From the blog of Nancy Hudgins
This is the fifteenth in a series of posts on preparing for mediation.
During the heat of battle, it’s sometimes difficult to defend against the other side’s negotiation tactics. Anticipating their strategies in advance can be useful. Hey, if it was good enough for Bill Walsh….
Here are four suggestions.
1. Be prepared. Do your homework about the other party and lawyer as well as historical settlement values for your type of case and venue. Think through the other side’s likely negotiation strategies. Be rigorous in your approach to mediation.
1(a). (A bonus suggestion.) Act prepared. All of us get busy. If you haven’t had
time to thoroughly prepare, at least act as if you are prepared. Malhotra and Bazerman suggest that not only will you gain respect, you will discourage the other side from lying out of fear of being found out.
2. Prepare to answer difficult questions. Take the other side’s view and figure out
what the most difficult questions would be for you to answer. Then work on reasonable responses. Why should preparing for negotiation be any different than preparing for oral argument?
3. Prepare to re-frame. It’s an election year, and re-framing is big. It also works in
negotiation. If the other side is being positional, change the conversation from positions to problem solving. Engage the other side in thinking with you about creative ways to solve your joint problem (how to settle the case). Also consider the gain/loss reframe. We are more likely to make concessions when allocating gains than losses. Change the frame of loss into the frame of gain and the other side will be more willing to negotiate.
4. Prepare for emotions. When strong negative emotions come up (and they will)

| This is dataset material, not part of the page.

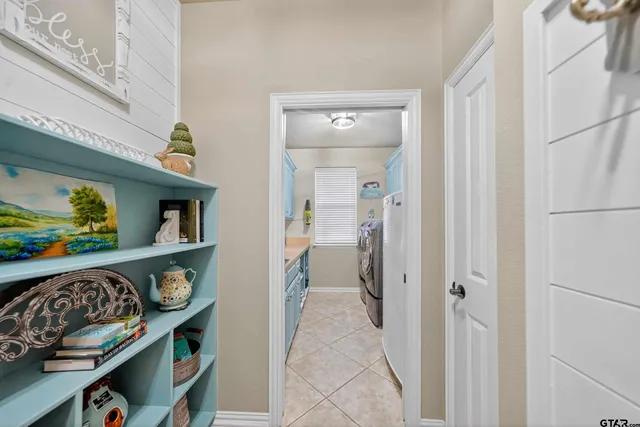 a view of hallway with seating area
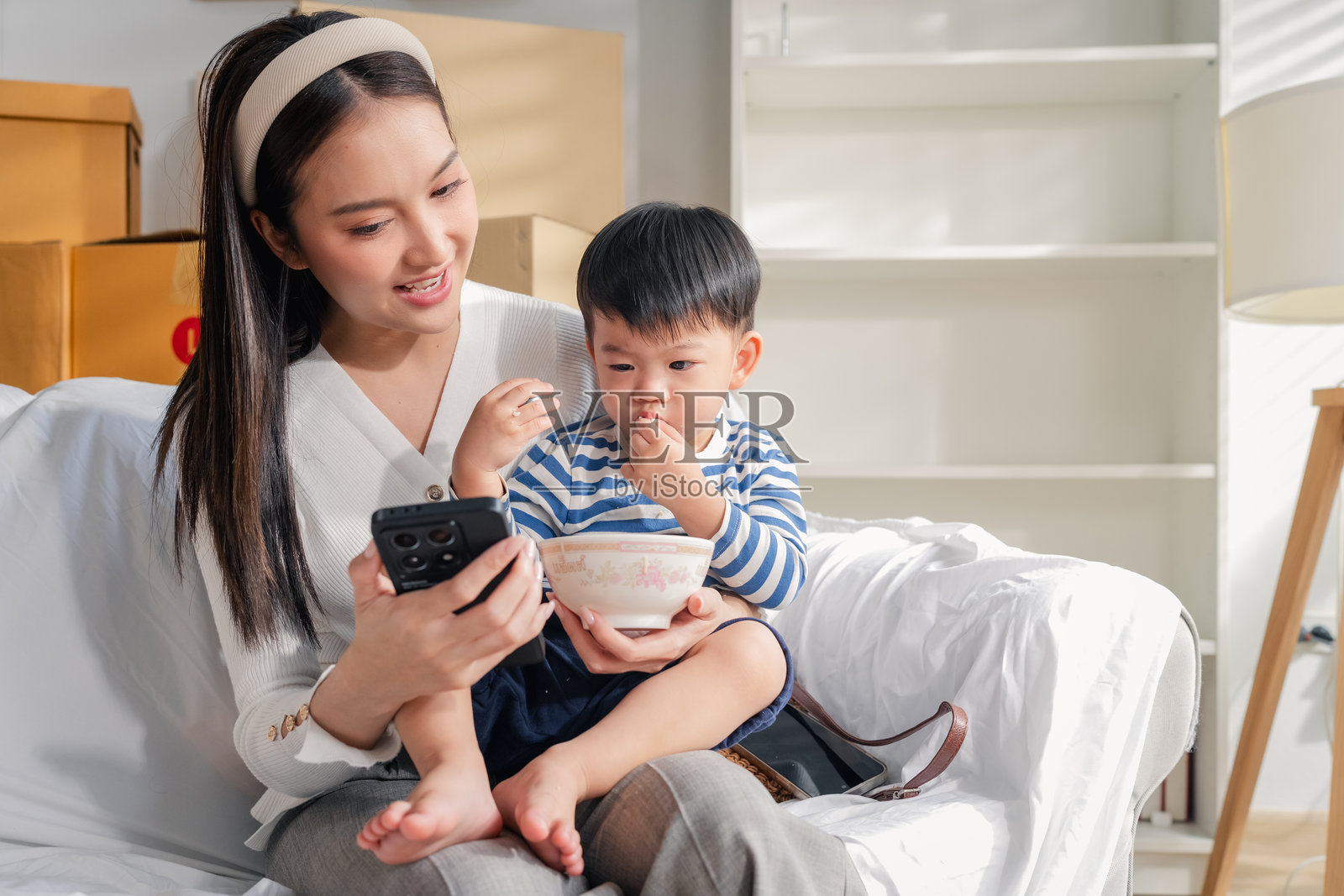 亚洲母亲一边温柔地喂儿子吃午餐，一边看着智能手机里的视频，这是他们在搬家后，从拆箱整理家具的间隙中享受的温馨家庭时光，一家人依偎在舒适的客厅沙发上。照片摄影图片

neutralize them by acknowledging them and using strategies to get your head clear. Perhaps you’re thinking I’m talking about your client, and I am. But I’m also talking about you. Looking back, it’s been rare that as an advocate, I have been cool, unruffled and rational throughout every negotiation. Tell yourself ahead of time that you are not going to react in anger. Give yourself permission to take a break or walk around the block.